Project description:BACKGROUND:Due to the lack of research on the pathological mechanism of temporomandibular joint osteoarthritis (TMJOA), there are few effective treatment measures in the clinic. In recent years, microRNAs (miRs) have been demonstrated to play an important role in the pathogenesis of osteoarthritis (OA) by regulating a variety of target genes, and the latest evidence shows that miR-21-5p is specifically overexpressed in OA. The purpose of this project was to clarify whether miR-21-5p can regulate the TMJOA process by targeting Spry1. METHODS:TMJOA was induced by a unilateral anterior crossbite (UAC) model, and the effect of miR-21-5p knockout on TMJOA was evaluated by toluidine blue (TB), immunohistochemical (IHC) staining, Western blotting (WB) and RT-qPCR. Primary mouse condylar chondrocytes (MCCs) were isolated, cultured and transfected with a series of mimics, inhibitors, siRNA-Spry1 or cDNA Spry1. WB, RT-qPCR, IHC and TB were used to detect the effect of miR-21-5p and its target gene Spry1 on the expression of MMP-13, VEGF and p-ERK1/2 in TMJOA. The effect of miR-21-5p on angiogenesis was evaluated by chick embryo chorioallantoic membrane (CAM) assay and WB. RESULTS:In the UAC model, the cartilage thickness and extracellular matrix of miR-21-5p knockout mice were less damaged, and miR-21-5p and UAC model were shown to affect the expression of Spry1, IL-1?, MMP-13, and VEGF. Luciferase experiments confirmed that Spry1 was the direct target of miR-21-5p.
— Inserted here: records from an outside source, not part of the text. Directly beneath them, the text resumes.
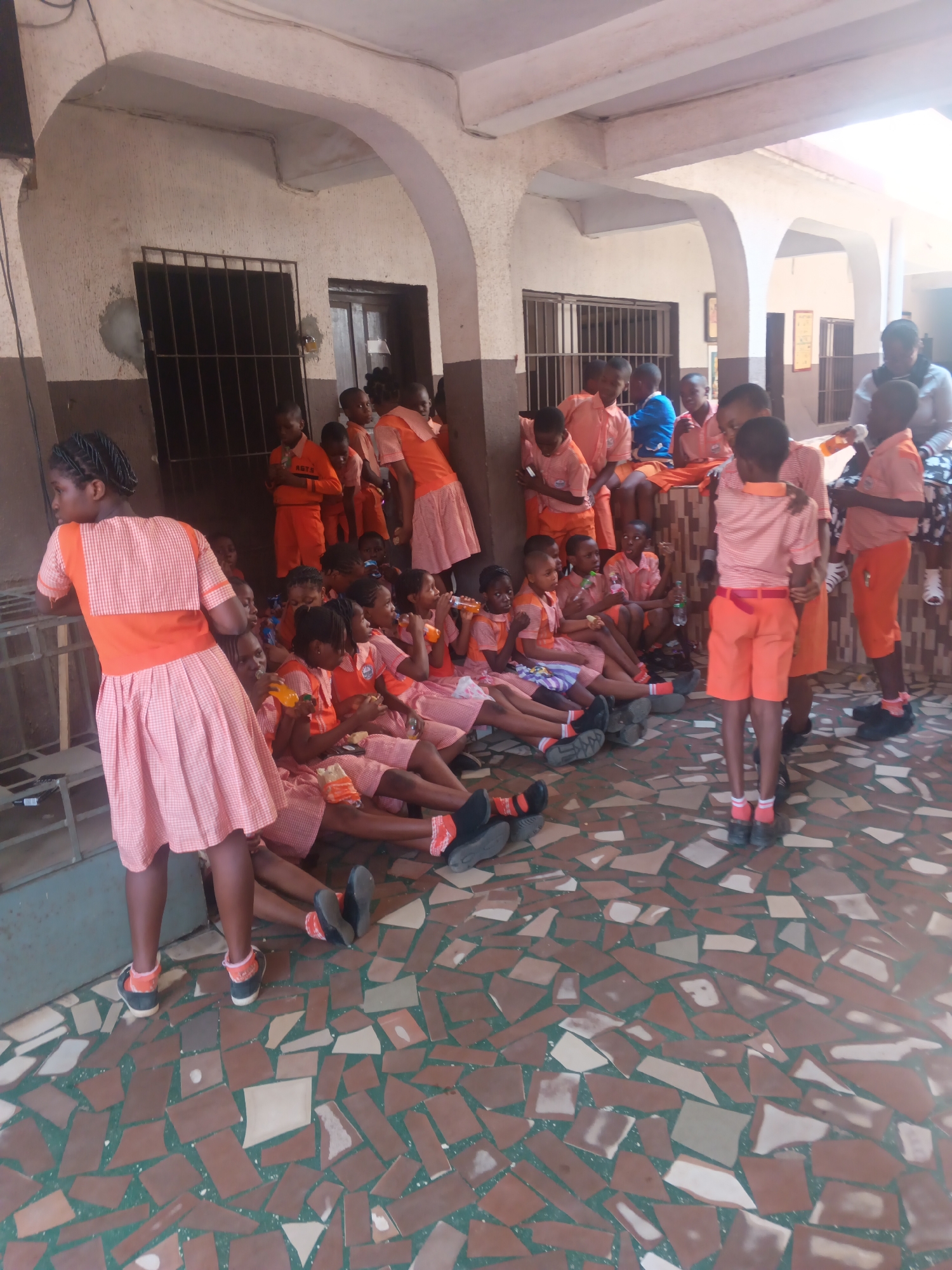 In Onitsha, Nigeria, a group of children, likely students, are gathered in an outdoor covered area with a tiled floor. The children are predominantly wearing orange and white school uniforms. Some are seated on the ground or on a low ledge, while others are standing. Many of the children are holding or drinking from bottles, suggesting a break or a refreshment period. The setting appears to be a schoolyard or an outdoor common area of an educational institution, characterized by a textured wall, arched walkways, and barred windows. The time of day seems to be daytime, with sunlight casting shadows, indicating possibly a warm climate. The overall atmosphere appears relaxed and casual, with the children engaged in conversation or simply resting.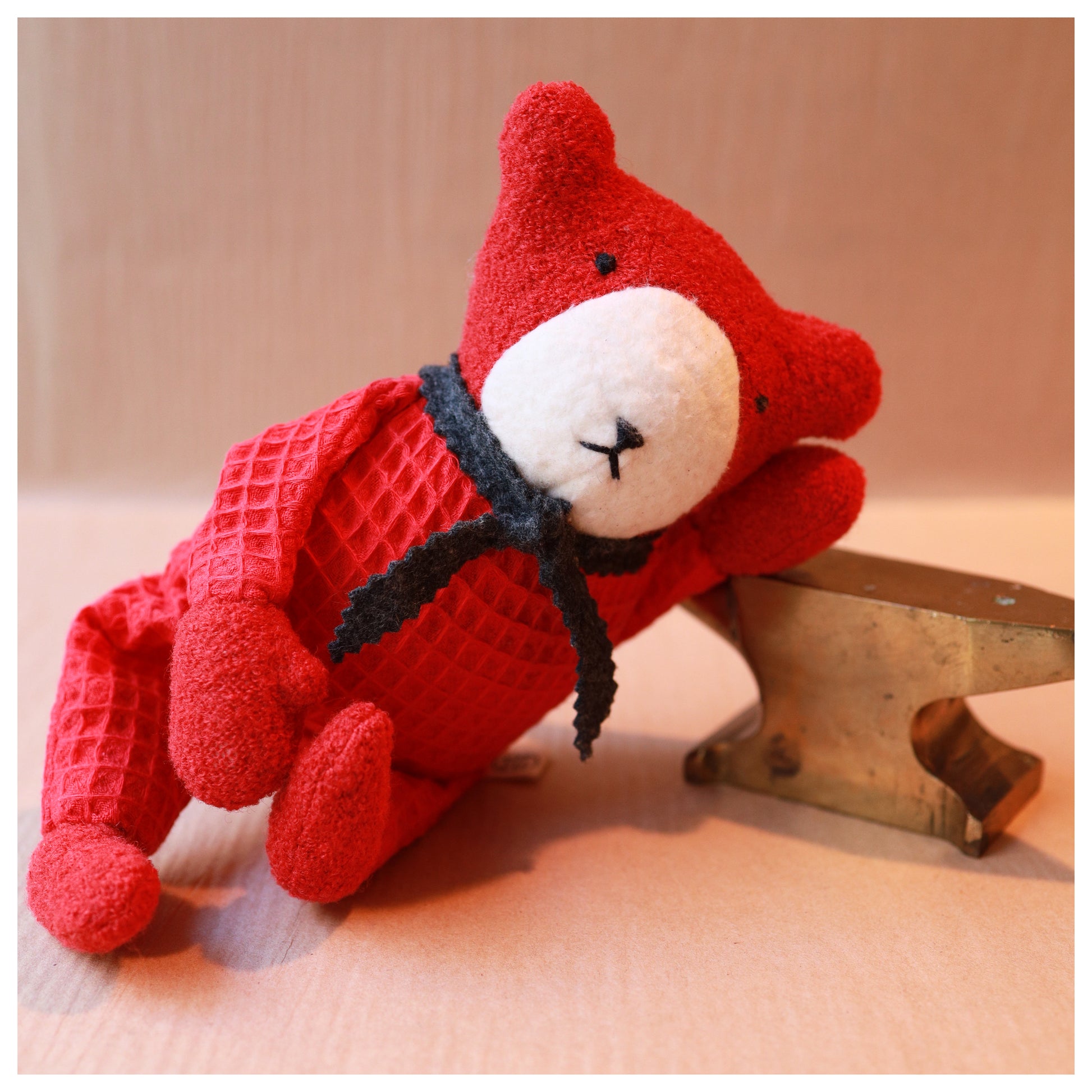 Red teddy bear with a white muzzle leaning on a brass anvil and wearing a grey wool scarf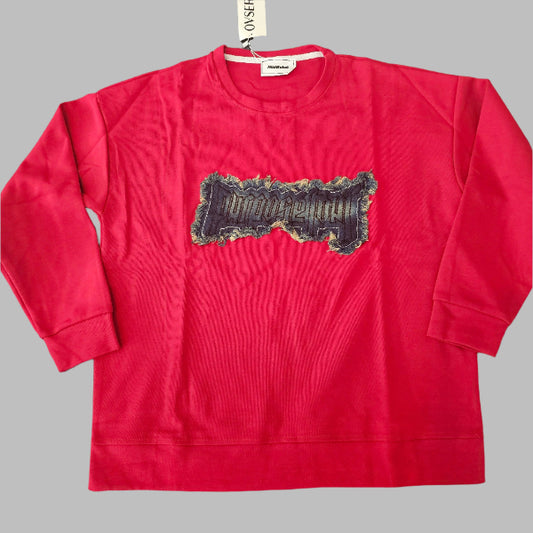 Red t-shirt with a graphic design on a round black table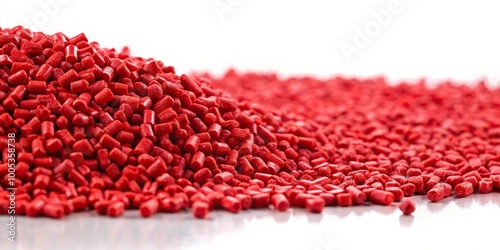 Red plastic polymer granules on white background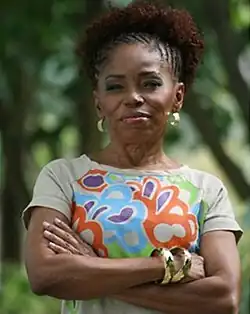 Wanda Chase stands with her arms crossed, facing the camera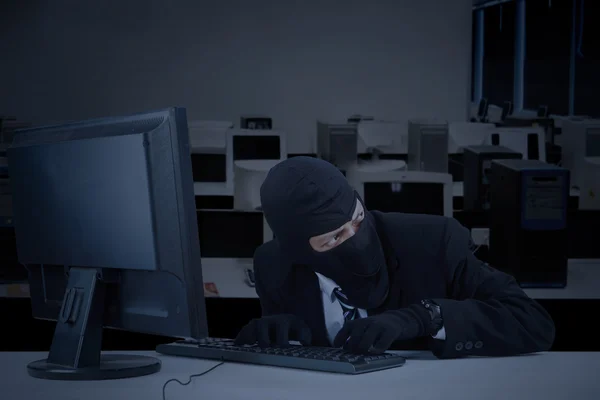 Robber takes information in office — Stock Photo, Image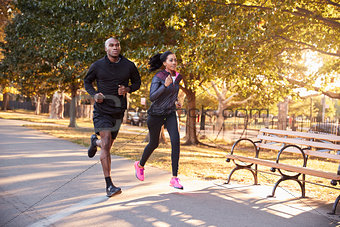 Young black couple jogging in a Brooklyn park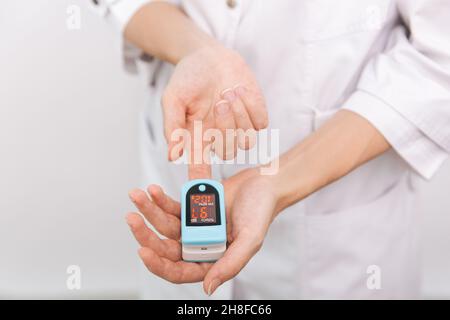 Pulsoximeter mit der Hand des Arztes auf Weiß isoliert. Das Konzept eines tragbaren digitalen Geräts zur Messung der Sauerstoffsättigung von Personen. Messung von Sauerstoff Stockfoto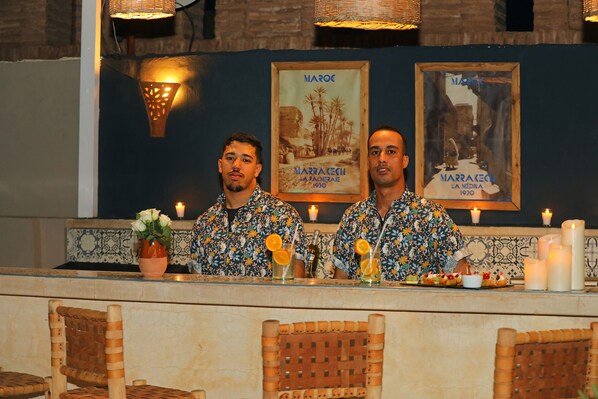 Two baristas in patterned shirts behind a counter with drinks and a vase of flowers. - Riad Anyssates (Marrakech)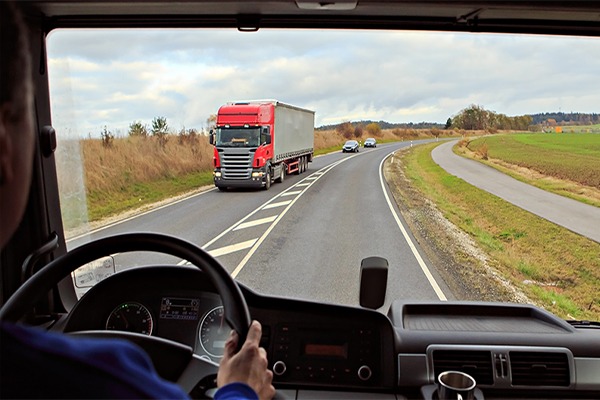 Inside of truck driving cab view. Person driving on road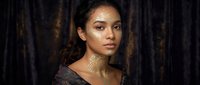 Young mixed-race woman with golden face paint and braided hair against dark textured background for beauty and fashion concepts.
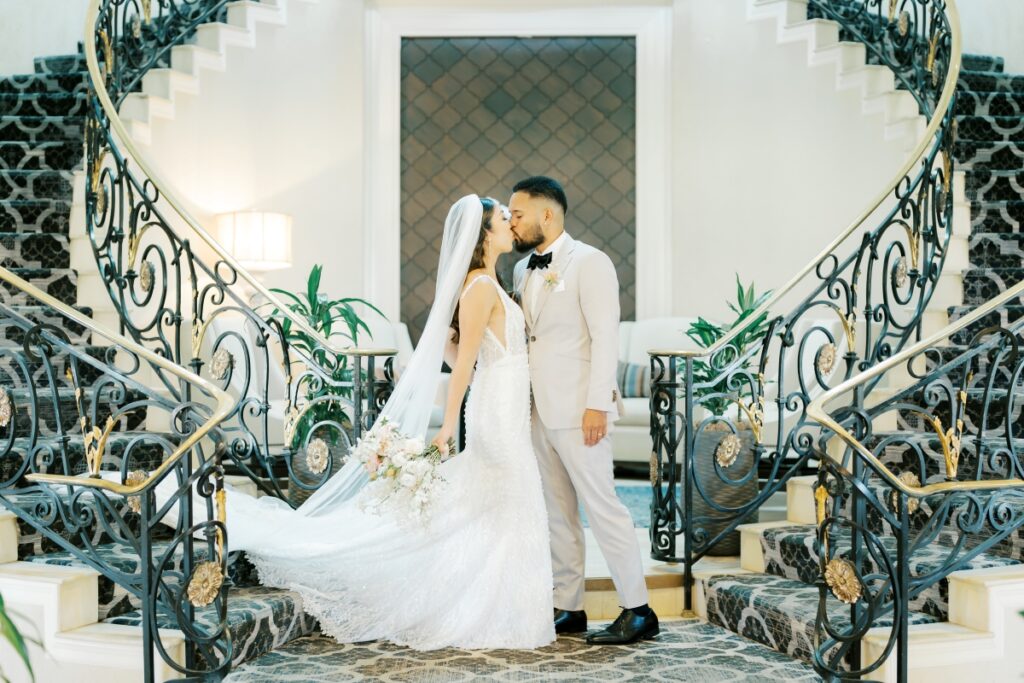 Bride and groom kiss at the bottom of a grand staircase while bride holds a bouquet during Silver Creek Country club wedding 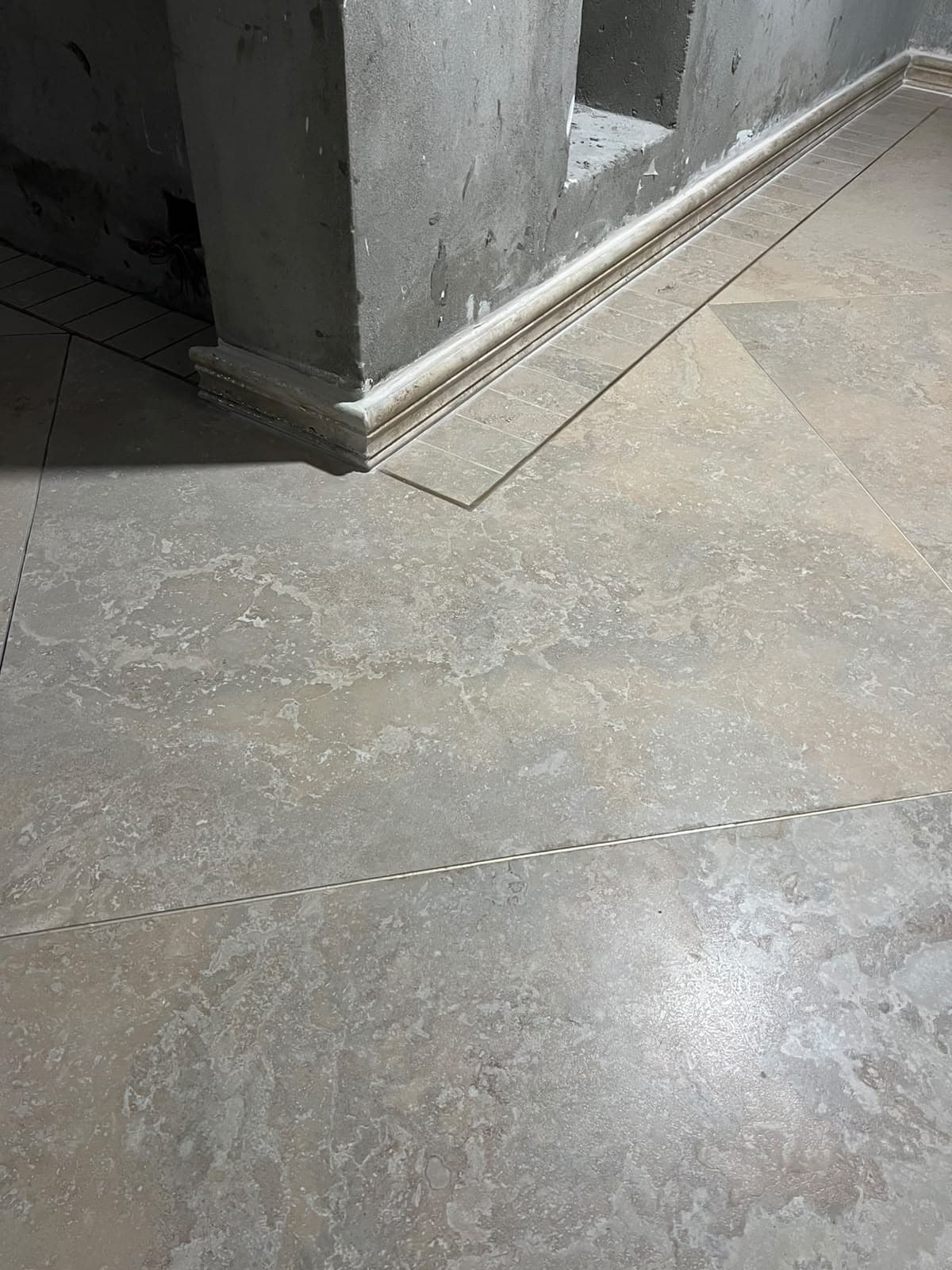 Corner pillar base with mitred stone skirting moulding, rectangular border tile, and diagonal porcelain floor tile in Askari 10 residence, Islamabad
The expression levels of Spry1, MMP-13, VEGF and p-ERK1/2 in MCCs transfected with miR-21-5p mimic were higher than those in the inhibitor group. Under the simulated inflammatory environment of IL-1?, the expression levels of MMP-13, VEGF and p-ERK1/2 were positively correlated with miR-21-5p, while Spry1 was negatively correlated with miR-21-5p. Inhibition of miR-21-5p expression and overexpression of Spry1 enhanced the inhibition of MMP-13, VEGF and p-ERK1/2 expression. MiR-21-5p had a significant role in promoting angiogenesis in the chick embryo CAM assay, and this role was clearly mediated by the ERK-MAPK signalling pathway. CONCLUSION:This study verified that miR-21-5p can promote the process of TMJOA by targeting Spry1, which provides a new direction for future research on the treatment of this disease.